La dépression est un problème fréquent observé en soins primaires10. Des études sur la qualité des soins dans le contexte du traitement de la dépression dans 65 cliniques canadiennes de soins primaires ont constaté que 52,1 % des patients adultes qui répondaient aux critères d’un épisode dépressif caractérisé avaient reçu un traitement minimalement adéquat contre la dépression en se fondant sur les indicateurs de la qualité établis dans les lignes directrices de pratique clinique canadiennes et des études antérieures11. Les cliniques où la plupart des omnipraticiens utilisaient des algorithmes sur le traitement des personnes ayant reçu un diagnostic d’anxiété ou de troubles dépressifs étaient plus étroitement corrélées avec la prestation d’un traitement approprié du TDC que les cliniques qui ne se servaient pas de tels algorithmes (rapport de cotes=1,46, IC à 95 % de 1,06 à 2,02)11. Cet article a pour but de présenter aux prescripteurs en soins primaires un outil systématique et efficace d’aide à la décision clinique pour les aider à personnaliser la pharmacothérapie contre la dépression.
Descriptions des cas
Cas 1. J.M. est un homme de 59 ans qui fréquente votre clinique multidisciplinaire de soins primaires. J.M. a récemment reçu un diagnostic de TDC modéré à sévère. Il souhaite faire l’essai d’un antidépresseur. J.M. a des antécédents de diabète sucré de type 2, de dyslipidémie, de neuropathie périphérique et d’obésité. Comment détermineriez-vous l’antidépresseur approprié à utiliser en premier pour J.M.?

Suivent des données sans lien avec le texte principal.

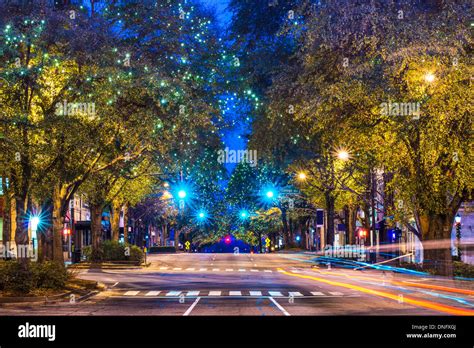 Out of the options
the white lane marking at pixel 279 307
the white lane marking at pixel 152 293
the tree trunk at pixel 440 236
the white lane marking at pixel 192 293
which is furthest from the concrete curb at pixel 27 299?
the tree trunk at pixel 440 236

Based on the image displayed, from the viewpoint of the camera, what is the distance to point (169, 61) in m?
27.4

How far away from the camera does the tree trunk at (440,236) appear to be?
36.7m

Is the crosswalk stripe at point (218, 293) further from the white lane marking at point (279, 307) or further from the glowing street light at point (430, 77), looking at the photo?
the glowing street light at point (430, 77)

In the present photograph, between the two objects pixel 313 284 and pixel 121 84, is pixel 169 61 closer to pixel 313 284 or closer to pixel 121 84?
pixel 121 84

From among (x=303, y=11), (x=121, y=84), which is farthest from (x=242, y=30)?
(x=121, y=84)

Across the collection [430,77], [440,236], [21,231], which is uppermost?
[430,77]

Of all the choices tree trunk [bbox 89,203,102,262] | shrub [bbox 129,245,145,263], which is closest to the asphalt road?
tree trunk [bbox 89,203,102,262]

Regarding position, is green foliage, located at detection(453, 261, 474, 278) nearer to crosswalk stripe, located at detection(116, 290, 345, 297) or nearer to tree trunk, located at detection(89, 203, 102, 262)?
crosswalk stripe, located at detection(116, 290, 345, 297)

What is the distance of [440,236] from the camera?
36594mm

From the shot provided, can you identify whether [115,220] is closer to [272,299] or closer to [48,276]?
[48,276]

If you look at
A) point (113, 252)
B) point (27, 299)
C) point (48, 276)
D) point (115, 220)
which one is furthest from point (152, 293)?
point (115, 220)

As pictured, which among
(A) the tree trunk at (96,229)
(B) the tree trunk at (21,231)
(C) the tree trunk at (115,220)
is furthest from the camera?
Answer: (C) the tree trunk at (115,220)

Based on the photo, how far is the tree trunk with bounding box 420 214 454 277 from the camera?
36.7 meters

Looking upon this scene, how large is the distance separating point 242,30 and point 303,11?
168 inches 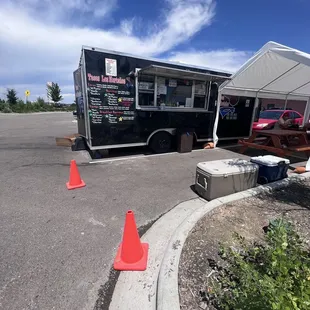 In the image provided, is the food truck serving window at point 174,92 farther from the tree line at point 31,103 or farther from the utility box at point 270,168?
the tree line at point 31,103

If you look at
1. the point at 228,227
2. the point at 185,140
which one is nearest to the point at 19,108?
the point at 185,140

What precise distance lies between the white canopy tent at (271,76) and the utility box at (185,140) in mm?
1168

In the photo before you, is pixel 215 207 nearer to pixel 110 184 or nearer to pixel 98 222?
A: pixel 98 222

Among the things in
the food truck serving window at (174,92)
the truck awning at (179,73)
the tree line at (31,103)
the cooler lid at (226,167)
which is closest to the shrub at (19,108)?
the tree line at (31,103)

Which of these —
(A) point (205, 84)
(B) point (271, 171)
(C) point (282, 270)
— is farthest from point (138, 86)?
(C) point (282, 270)

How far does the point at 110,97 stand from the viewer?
5.83 m

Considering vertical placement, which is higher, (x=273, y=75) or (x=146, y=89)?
(x=273, y=75)

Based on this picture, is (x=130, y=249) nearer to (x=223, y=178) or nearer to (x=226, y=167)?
(x=223, y=178)

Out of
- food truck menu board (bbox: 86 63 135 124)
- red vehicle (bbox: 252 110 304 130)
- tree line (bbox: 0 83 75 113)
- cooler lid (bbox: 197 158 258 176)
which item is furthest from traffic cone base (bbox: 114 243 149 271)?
tree line (bbox: 0 83 75 113)

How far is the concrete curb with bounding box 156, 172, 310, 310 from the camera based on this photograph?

Cas 2. C.P. est une jeune femme en santé de 32 ans qui vient de recevoir un diagnostic de TDC. Vous croyez que C.P. pourrait bénéficier d’un antidépresseur, mais elle semble hésiter. C.P. vous confie qu’elle a éprouvé des problèmes de libido. Comment décideriez-vous de l’antidépresseur le plus approprié pour C.P.?
Sources de l’information
Une recherche documentaire a été effectuée au moyen de Google Scholar, PubMed, la base de données Cochrane des revues systématique et Trip Pro, à l’aide des vedettes MeSH en anglais depression, antidepressive agents, primary care, practice patterns, medication adherence et decision making, shared. Les résumés de tous les articles ont été extraits, et ceux qui portaient sur la prise en charge de la dépression en soins primaires, la prise de décision partagée dans le contexte de la dépression ou les habitudes de prescription d’antidépresseurs en soins primaires ont été inclus dans cette revue, de même que les lignes directrices consensuelles et les énoncés de pratique pertinents de CANMAT (Canadian Network for Mood and Anxiety Treatment) et du Groupe d’étude canadien sur les soins de santé préventifs (GECSSP). Des sujets pertinents dans des bases de données tertiaires, comme UpToDate, ont été recensés et ont fait l’objet d’une critique, et les citations pertinentes sont incluses dans cette revue clinique.
Message principal
Dépistage. Le GECSSP ne recommande pas de dépistage systématique de la dépression chez les adultes qui se présentent en milieu de soins primaires sans symptômes apparents de dépression (recommandation faible)12. La ligne directrice du GECSSP suggère par ailleurs que le dépistage peut être approprié si les patients présentent des signes ou des symptômes de dépression, ou s’ils verbalisent des symptômes de dépression12. Cette ligne directrice du GECSSP ne s’applique pas aux personnes ayant une dépression connue ou des antécédents de dépression, ou qui sont traitées pour la dépression12.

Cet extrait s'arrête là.